This text is
based on pp 28-30 of Hemilä
(2006)
These documents have up to date links to documents that are available
via
the net.
Harri Hemilä
Department of Public Health
University of Helsinki,
Helsinki, Finland
harri.hemila@helsinki.fi
The most severe problems of meta-analysis are related to the
experimental similarity of the studies that are combined and their
validity. ‘Combining apples and oranges’ has been commonly used as a
metaphor to describe this problem, but often the meta-analytic mixtures
are so heterogeneous that ‘combining rotten fruits’ might sometimes be
a more appropriate way to describe the problem (Feinstein 1995).

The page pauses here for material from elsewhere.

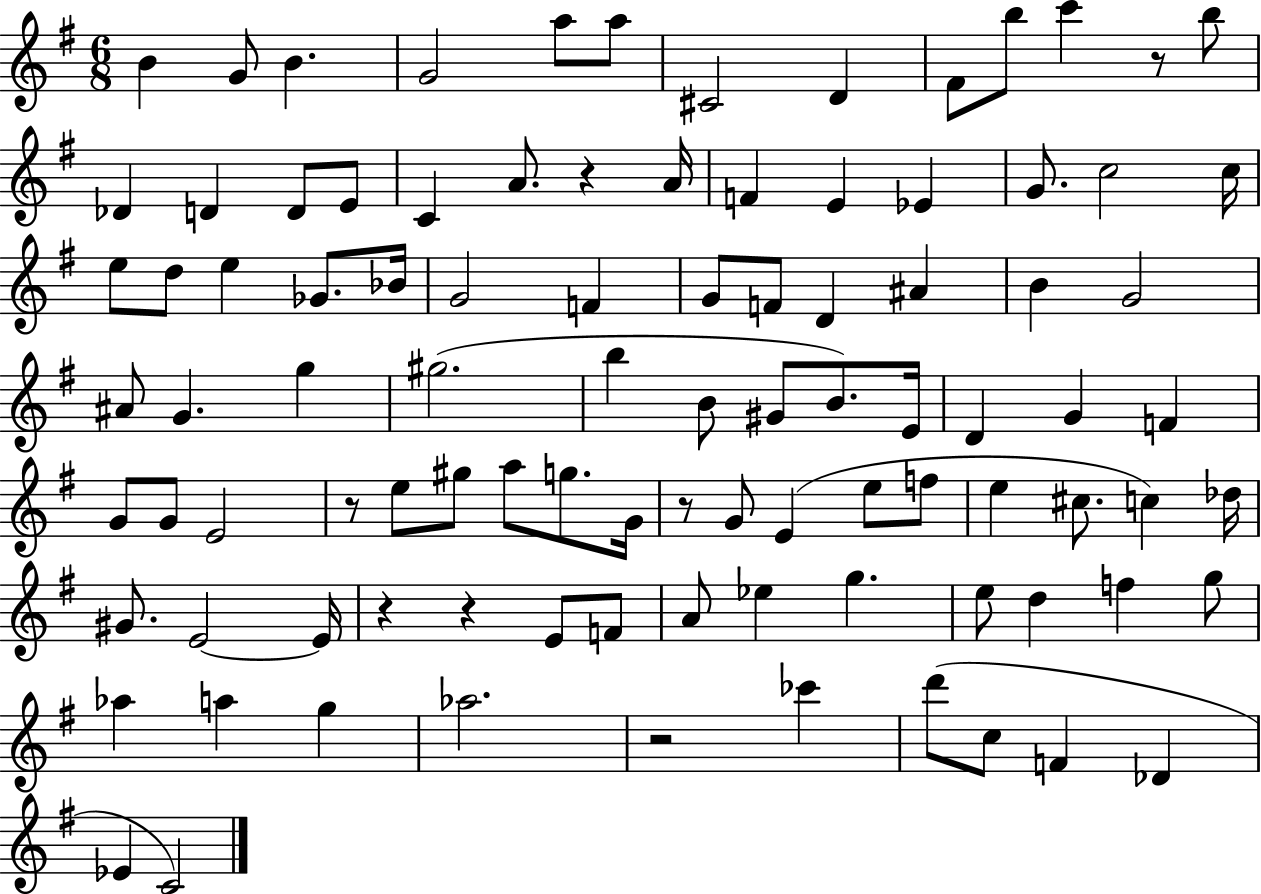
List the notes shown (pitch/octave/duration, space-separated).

B4/q G4/e B4/q. G4/h A5/e A5/e C#4/h D4/q F#4/e B5/e C6/q R/e B5/e Db4/q D4/q D4/e E4/e C4/q A4/e. R/q A4/s F4/q E4/q Eb4/q G4/e. C5/h C5/s E5/e D5/e E5/q Gb4/e. Bb4/s G4/h F4/q G4/e F4/e D4/q A#4/q B4/q G4/h A#4/e G4/q. G5/q G#5/h. B5/q B4/e G#4/e B4/e. E4/s D4/q G4/q F4/q G4/e G4/e E4/h R/e E5/e G#5/e A5/e G5/e. G4/s R/e G4/e E4/q E5/e F5/e E5/q C#5/e. C5/q Db5/s G#4/e. E4/h E4/s R/q R/q E4/e F4/e A4/e Eb5/q G5/q. E5/e D5/q F5/q G5/e Ab5/q A5/q G5/q Ab5/h. R/h CES6/q D6/e C5/e F4/q Db4/q Eb4/q C4/h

Improper consideration of the experimental features of trials is
illustrated by an early, often-cited meta-analysis that combined the
findings of 6 small randomized trials examining the value of
anticoagulants in acute myocardial infarction (Chalmers et al. 1977);
this was Thomas Chalmers’ third meta-analysis. Of the 6 randomized
trials included, 2 contained no criteria for the diagnosis of
myocardial infarction, and in 3 others the published definitions were
so inexact that the patient populations could not be reproducibly
identified (Goldman & Feinstein 1979). The treatments also varied
from heparin alone to heparin with warfarin or warfarin derivatives and
even warfarin with optional heparin, but the modes of action of heparin
and warfarin are different and it should not be assumed that these
treatments are pharmacologically equivalent enough to be combined in a
meta-analysis (Goldman & Feinstein 1979).
In another example of the lack of properly considering the experimental
aspects of controlled trials included in meta-analyses, Bailar (1995;
MacArthur et al. 1995) discussed one meta-analysis by the Chalmers
group of 6 trials dealing with the effects of diethylstilbestrol on the
outcome of pregnancy (Goldstein et al. 1989). One of the 6 trials did
not deal with diethylstilbestrol at all, and 3 others were
methodologically flawed enough to destroy any credibility in their
reported findings. Two studies appeared to have had adequate
methodological strength, but one dealt with a series of pregnant women
from the general populations, while the other was limited to pregnant
women who had diabetes. It seems questionable, at best, to pool results
from these last two studies without some thoughtful discussion (Bailar
1995). Furthermore, although Goldstein et al. had excluded one trial
based on the probable non-alternate assignment of treatment as well as
inconsistencies in the text, Bailar identified the same problems in 3
of 5 trials that Goldstein et al. did include. Considering the various
shortcomings, Bailar concluded that the ‘typical odds ratio’ calculated
by Goldstein et al. (1989) was meaningless.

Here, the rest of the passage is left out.